[[ Data for this task open ]]

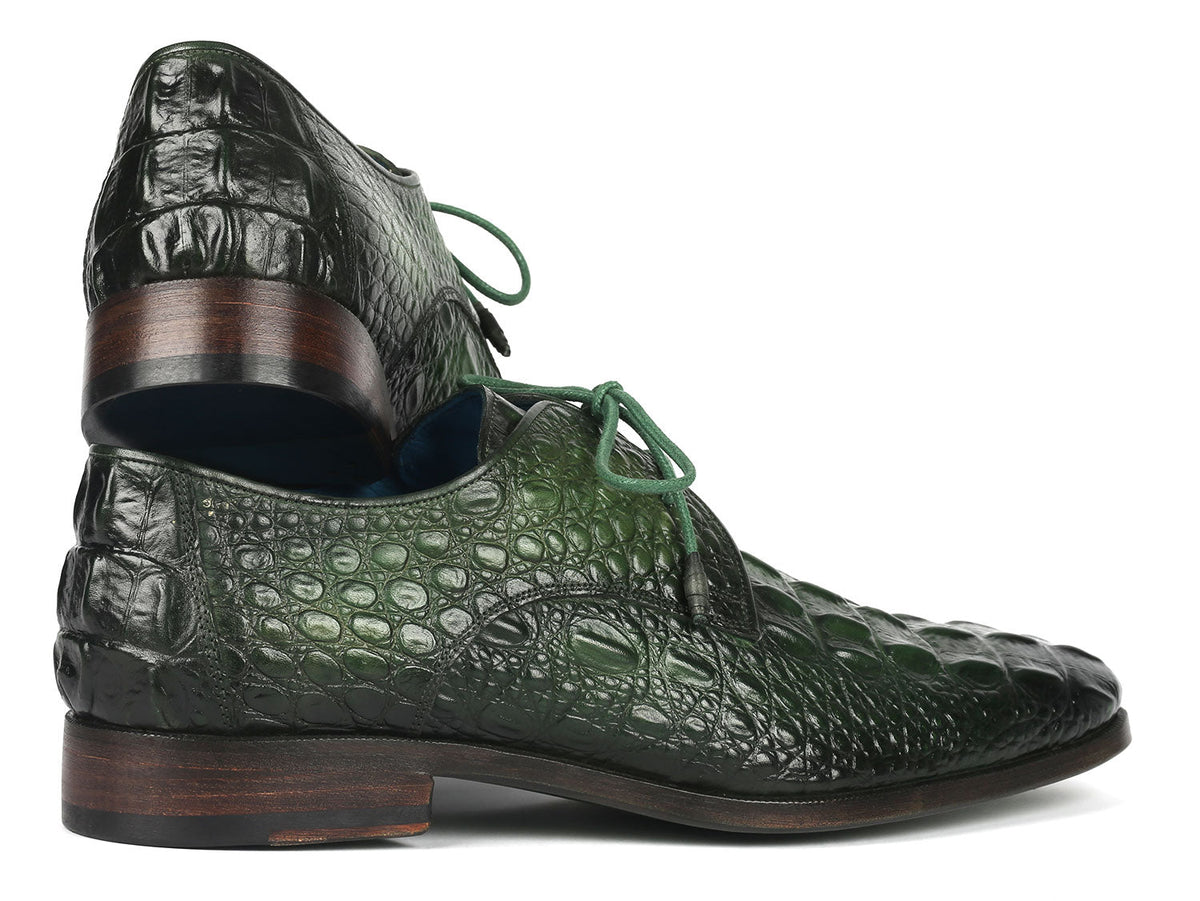 Paul Parkman Men’s Green Croco Textured Leather Derby Shoes – Hand-Painted Dress Shoes with Burnished Double Leather Sole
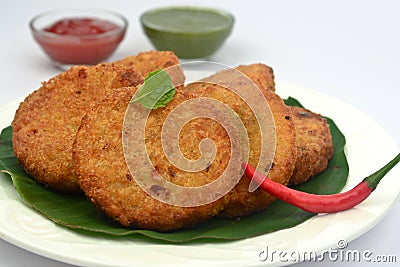 Aloo tikki -potato patties Stock Photo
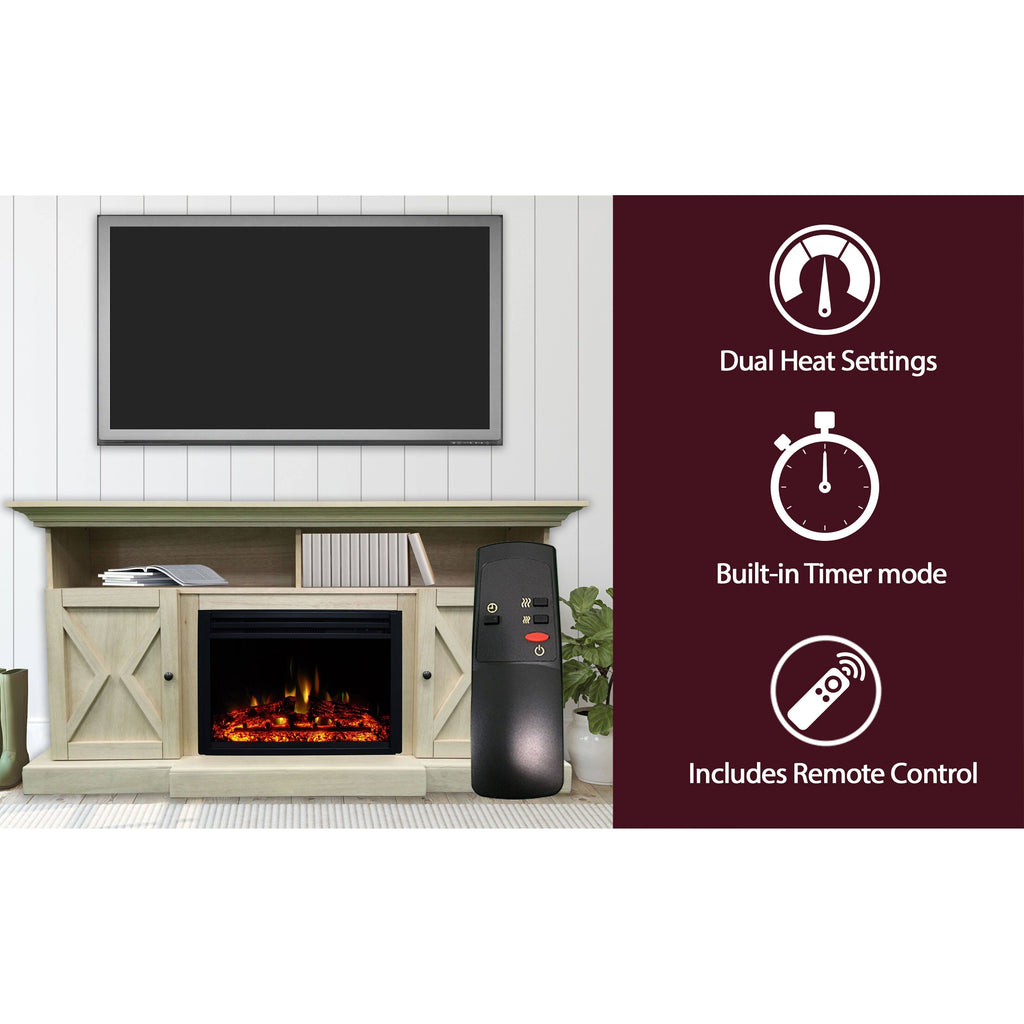 62-in. Electric Fireplace Mantel with Deep Log Insert, Sandstone C71394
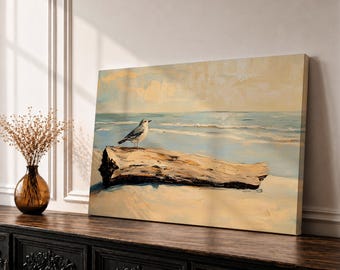 Seagull Wall Art Ocean Bird Framed Canvas Driftwood Coastal Nautical Vintage Beach Home Decor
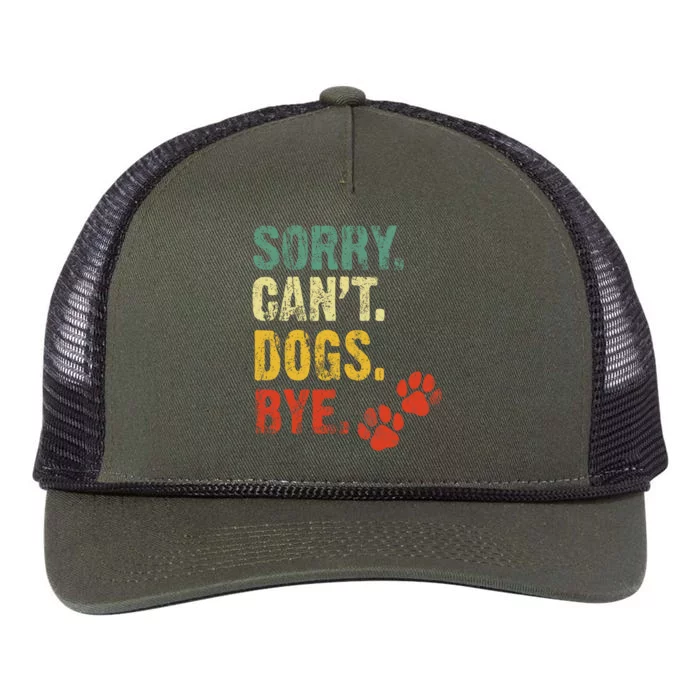 Sorry Cant Dogs Bye Vintage Retro Dogs Lover Retro Rope Trucker Hat Cap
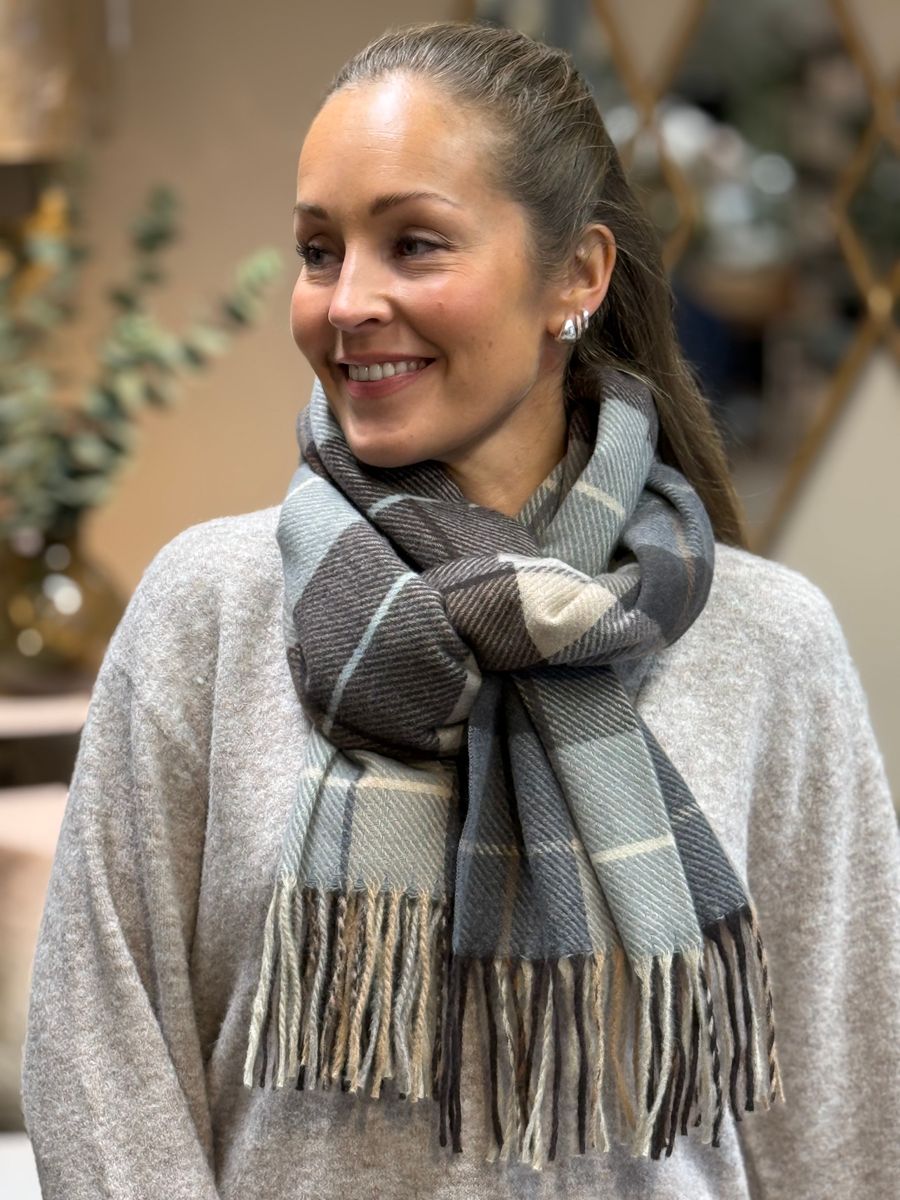 SKJERF M/CHECK - BRUN/SAND/GRÅ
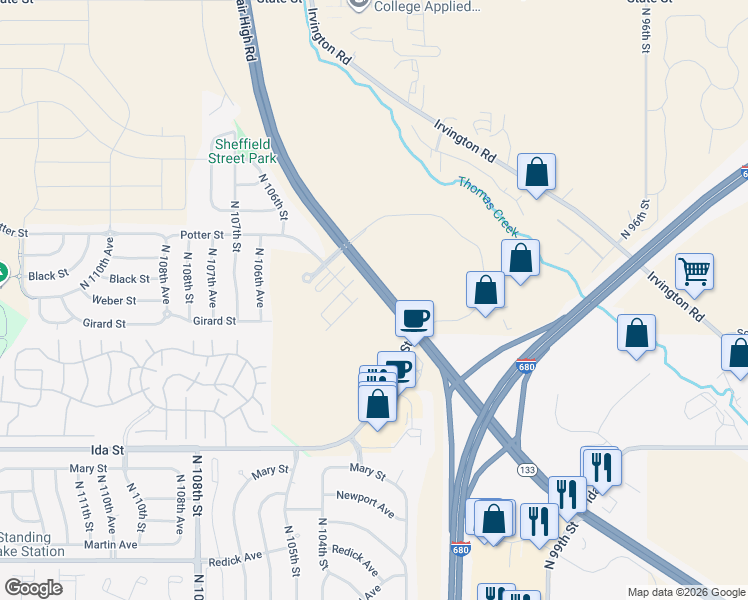 map of restaurants, bars, coffee shops, grocery stores, and more near in Omaha
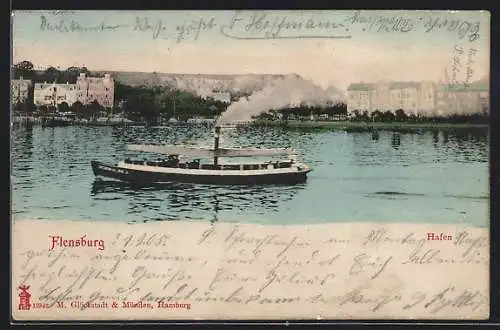 AK Flensburg, Dampfer vor dem Hafen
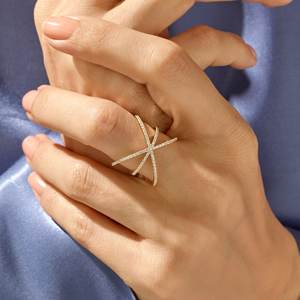 14K oro sólido VVS VS IGI diamante en negrita X delicado Cruz diseñador cruzado pulgar Pave declaración envoltura alrededor de anillos finos al por mayor - Product Image 5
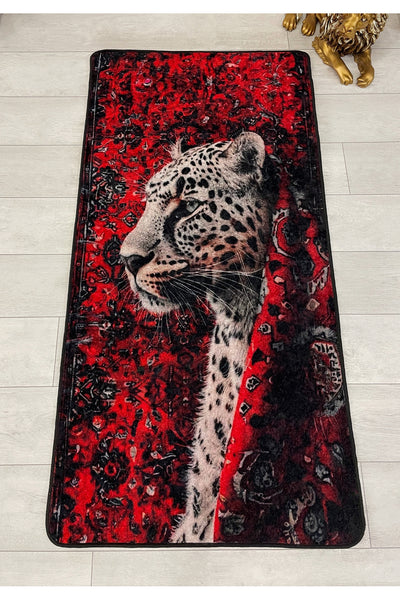 Leopard Pattern Red Decorative Latex Rug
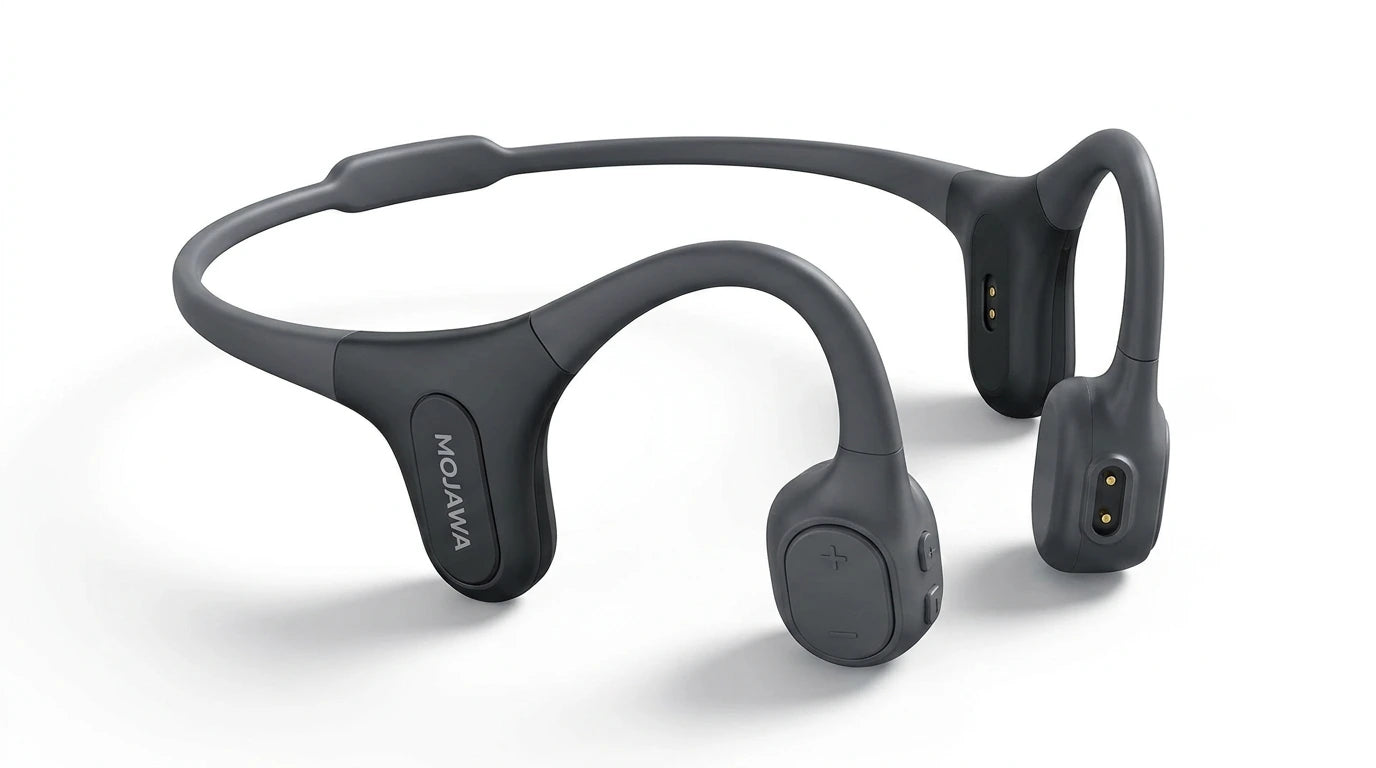 future tech gadgets Canada. smart tech store Canada. Mojawa RUN PLUS Bone Conduction Headphones. Gallery image 8. Lines name one specific SKU—never substitute a generic lookalike from the category. After review passes, each render should still read as a fresh studio viewpoint of that same physical unit.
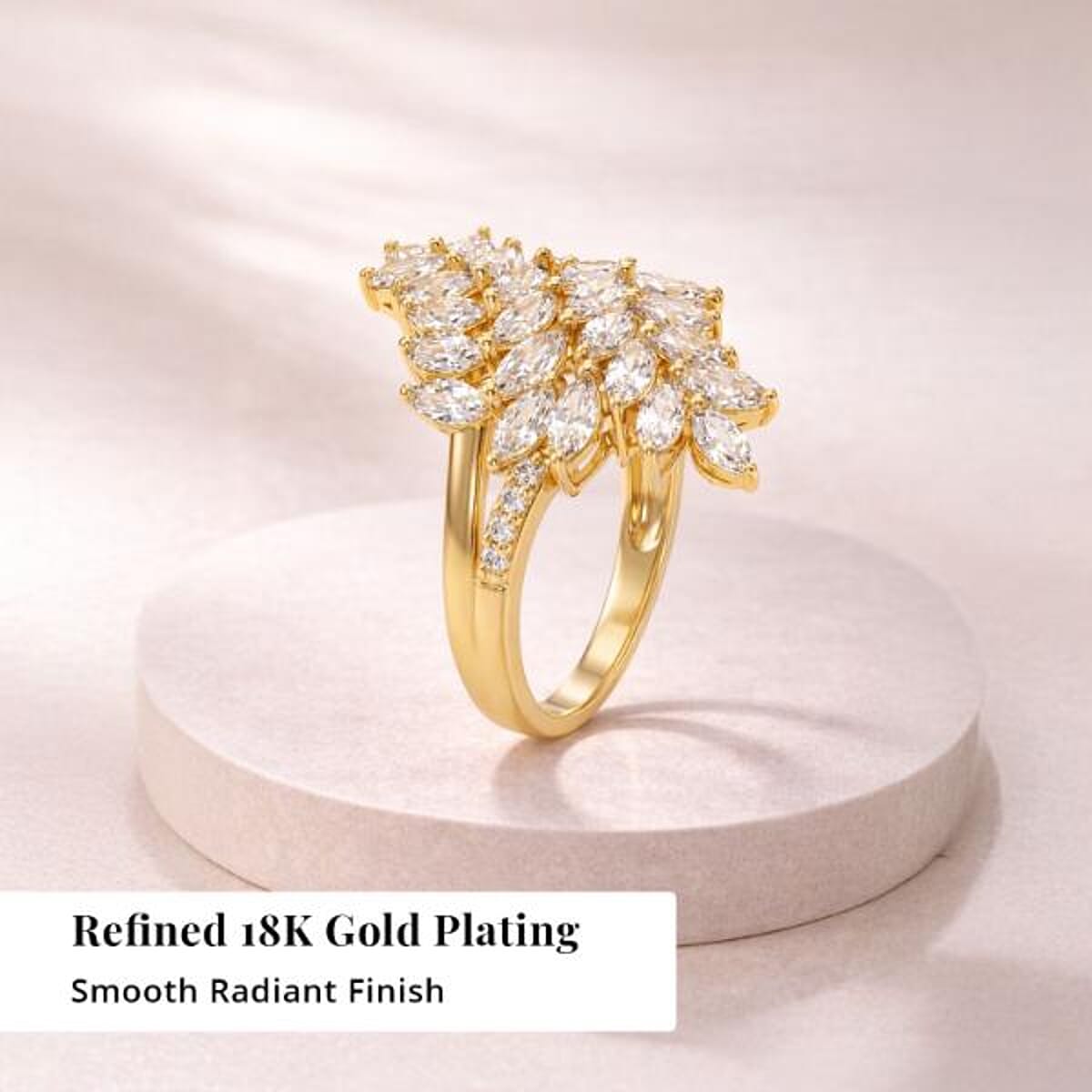 EverTrue Lab Created White Sapphire 4.40 ctw Leaf Vine Ring in 18K YG Plated (Size 7.0) image number 2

[[ Data for this task closed ]]

Task directions.
Please retype the lines from the one that contains "Aloo tikki -potato patties Stock Photo" through the final line of the data, both included, without any pictures.

Answer.
 Aloo tikki -potato patties Stock Photo
 62-in. Electric Fireplace Mantel with Deep Log Insert, Sandstone C71394
 Seagull Wall Art Ocean Bird Framed Canvas Driftwood Coastal Nautical Vintage Beach Home Decor
 Sorry Cant Dogs Bye Vintage Retro Dogs Lover Retro Rope Trucker Hat Cap
 SKJERF M/CHECK - BRUN/SAND/GRÅ
 map of restaurants, bars, coffee shops, grocery stores, and more near in Omaha
 AK Flensburg, Dampfer vor dem Hafen
 14K oro sólido VVS VS IGI diamante en negrita X delicado Cruz diseñador cruzado pulgar Pave declaración envoltura alrededor de anillos finos al por mayor - Product Image 5
 Leopard Pattern Red Decorative Latex Rug
 future tech gadgets Canada. smart tech store Canada. Mojawa RUN PLUS Bone Conduction Headphones. Gallery image 8. Lines name one specific SKU—never substitute a generic lookalike from the category. After review passes, each render should still read as a fresh studio viewpoint of that same physical unit.
 EverTrue Lab Created White Sapphire 4.40 ctw Leaf Vine Ring in 18K YG Plated (Size 7.0) image number 2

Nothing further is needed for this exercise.